Hi, while plotting the established Torino-Nice gravel route, I found that cycle.travel would not allow routing on this segment. I am not familiar enough with OSM to understand why. Bicycles are permitted and I didn't think the surface condition would preclude routing. Perhaps the "very_bad" smoothness? https://www.openstreetmap.org/way/50894205
https://cycle.travel/map/journey/389779
Below is an image of the desired route (in light blue). Any insight would be appreciated, as it will help me to learn how to best use OSM and c.t routing. Thanks!
Comments
It’s actually the sac_scale=mountain_hiking tag (=Swiss Alpine Club classification T2) that’s causing c.t not to route over it. If https://www.dangerousroads.org/europe/italy/4142-colle-d’ancoccia.html is what the trail looks like in reality, the tag looks like a bit of a stretch – maybe sac_scale=hiking (which c.t doesn’t mind) would be more appropriate?
Thanks, that makes sense. Based on Google street view (!) the "hiking" scale does seem more appropriate.
Somewhat-related: how frequently does the routing engine fetch new data from OSM? Sorry if this is covered elsewhere already.
I found the answer to my question above - the routing engine updates monthly from OSM source.
It does (more or less!). I’m due to kick off a new update in the next week or so.
Hi, another question on what's routable and what's not.
In this route , c.t won't allow routing between via points 1~6 pictured below. (I don't even understand why c.t allowed me to create those via points.) On OSM, these trail segments have mtb_scale=0 and sac_scale=2. Even with 'gravel' routing the segments are not routable.
Should mtb_scale=0 segments be routable on the gravel setting (even with sac_scale=2)?
Thanks!
(I recognize that mtb_scale=0 and sac_scale=2 seem contradictory. I guess the question is: which should/does take precedence in deciding 'routability'?)
At present, if there’s any tag that signifies “impassable”, that takes precedence.
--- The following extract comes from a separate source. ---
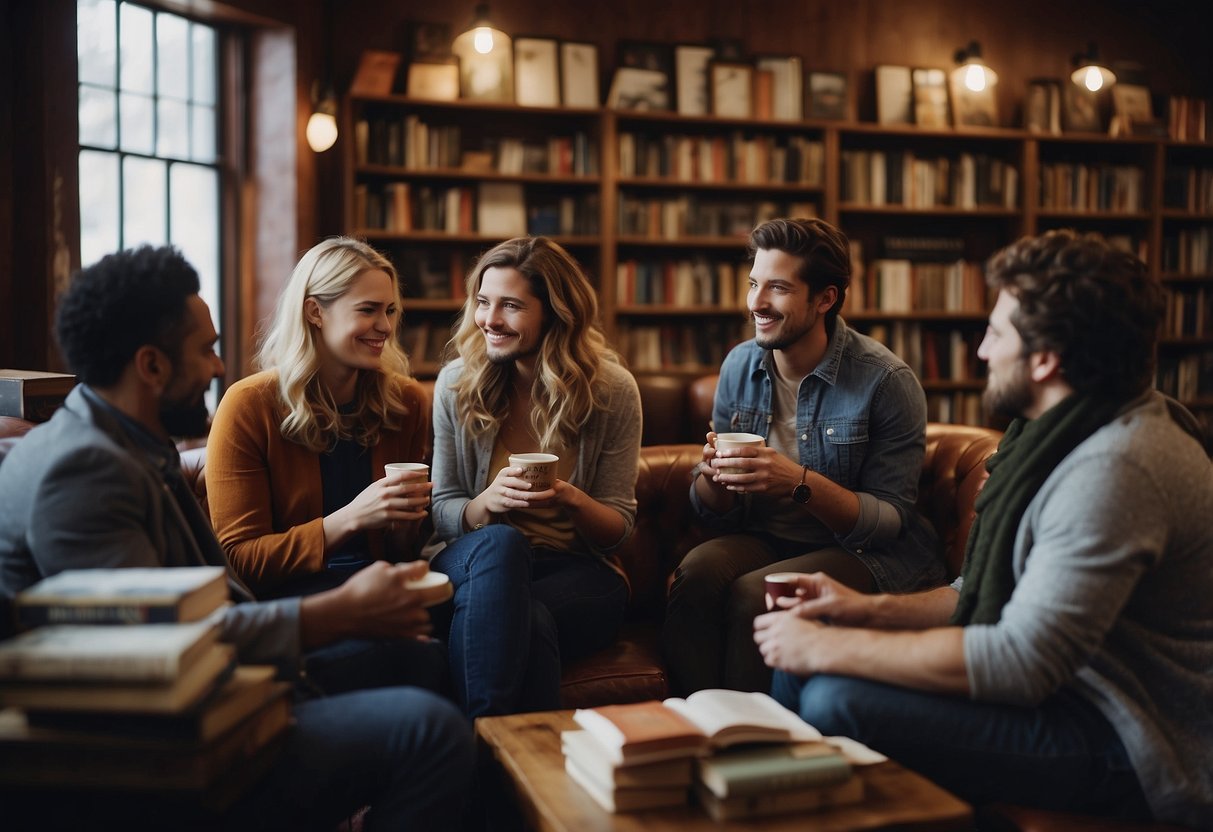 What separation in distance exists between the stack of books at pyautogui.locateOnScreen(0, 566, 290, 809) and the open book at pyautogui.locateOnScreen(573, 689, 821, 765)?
50 cm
But having a sac_scale and an mtb:scale that contradict each other isn’t something I’ve encountered before, and we should probably trust the mtb:scale tag over the sac_scale. I’ll have a play with that.
Thanks Richard. I couldn't find a description of how 'Gravel' routing is different, or perhaps I don't know where to look.
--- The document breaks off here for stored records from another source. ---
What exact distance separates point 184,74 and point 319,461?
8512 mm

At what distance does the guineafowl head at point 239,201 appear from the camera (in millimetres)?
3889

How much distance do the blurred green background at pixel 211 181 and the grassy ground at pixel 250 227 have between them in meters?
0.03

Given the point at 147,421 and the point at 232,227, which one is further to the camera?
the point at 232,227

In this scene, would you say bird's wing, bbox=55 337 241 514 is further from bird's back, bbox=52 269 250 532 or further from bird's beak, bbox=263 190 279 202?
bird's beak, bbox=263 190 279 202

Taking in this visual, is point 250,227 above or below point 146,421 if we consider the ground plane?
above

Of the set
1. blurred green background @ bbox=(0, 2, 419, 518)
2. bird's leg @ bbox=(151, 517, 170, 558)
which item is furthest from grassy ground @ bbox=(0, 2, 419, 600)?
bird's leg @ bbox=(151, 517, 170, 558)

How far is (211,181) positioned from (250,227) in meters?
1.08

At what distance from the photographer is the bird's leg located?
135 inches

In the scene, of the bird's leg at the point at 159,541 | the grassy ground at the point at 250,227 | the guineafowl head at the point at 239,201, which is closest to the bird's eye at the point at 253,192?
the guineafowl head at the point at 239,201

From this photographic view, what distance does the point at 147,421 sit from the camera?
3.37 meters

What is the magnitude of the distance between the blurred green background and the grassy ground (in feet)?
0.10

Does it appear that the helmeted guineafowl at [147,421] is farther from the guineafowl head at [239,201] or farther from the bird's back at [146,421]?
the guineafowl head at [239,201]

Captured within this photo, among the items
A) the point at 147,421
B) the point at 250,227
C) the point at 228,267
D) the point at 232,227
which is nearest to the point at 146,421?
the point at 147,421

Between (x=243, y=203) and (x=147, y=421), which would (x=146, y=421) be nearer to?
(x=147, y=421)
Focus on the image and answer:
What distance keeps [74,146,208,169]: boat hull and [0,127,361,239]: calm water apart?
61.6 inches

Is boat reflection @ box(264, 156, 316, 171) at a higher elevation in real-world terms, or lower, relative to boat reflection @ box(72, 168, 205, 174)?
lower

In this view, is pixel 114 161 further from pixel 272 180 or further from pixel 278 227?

Does Gravel routing allow routing on segments that 'Any' routing forbids, or does Gravel routing just weight the surface / tracktype tags differently?
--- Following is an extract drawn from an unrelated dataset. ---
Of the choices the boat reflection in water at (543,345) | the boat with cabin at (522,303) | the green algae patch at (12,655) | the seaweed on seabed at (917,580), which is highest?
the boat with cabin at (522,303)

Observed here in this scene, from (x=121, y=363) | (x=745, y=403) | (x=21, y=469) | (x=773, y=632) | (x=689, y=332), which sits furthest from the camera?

It’s a different set of weightings for everything (tags, elevation, etc.) but generally cycle.travel’s approach is that it’ll allow you along anything legally and physically passable anyway, it’ll just give it a bad weight if it merits it. So in theory everything that’s routable on the gravel graph is also routable on the standard graph, but you might have to try really hard to get it to do so :)
Got it, thanks for the explanation 👍
Hi, another routing/OSM tagging question I'll tack onto this thread.
In this route, I'm unable to route along the north and east ends of the lake as shown in the light blue GPX track. I can't see anything in the tags that should preclude routing here.
Cycle.travel renders them as green ('footpath - no cycling'), but I can't see tags consistent with that. What am I missing? Thanks.
www.openstreetmap.org/way/482710421
www.openstreetmap.org/way/482710424
www.openstreetmap.org/way/482710423
In the UK, cycle.travel doesn’t route over highway=track unless there are access tags like bicycle=yes (or another signifier, like a bike route relation or a designation= tag) to say that bikes are allowed.
highway=track is very often used for private farm tracks in the UK, and routing over them would generally cause an altercation with an angry farmer!
That said, Scottish access laws are different to England & Wales. I’ll have a look at tweaking this for Scotland, but as a general rule of thumb in the UK it’s best to add access tags.
Thank you. I do now recall seeing something about this on your help pages - apologies for the duplicate question.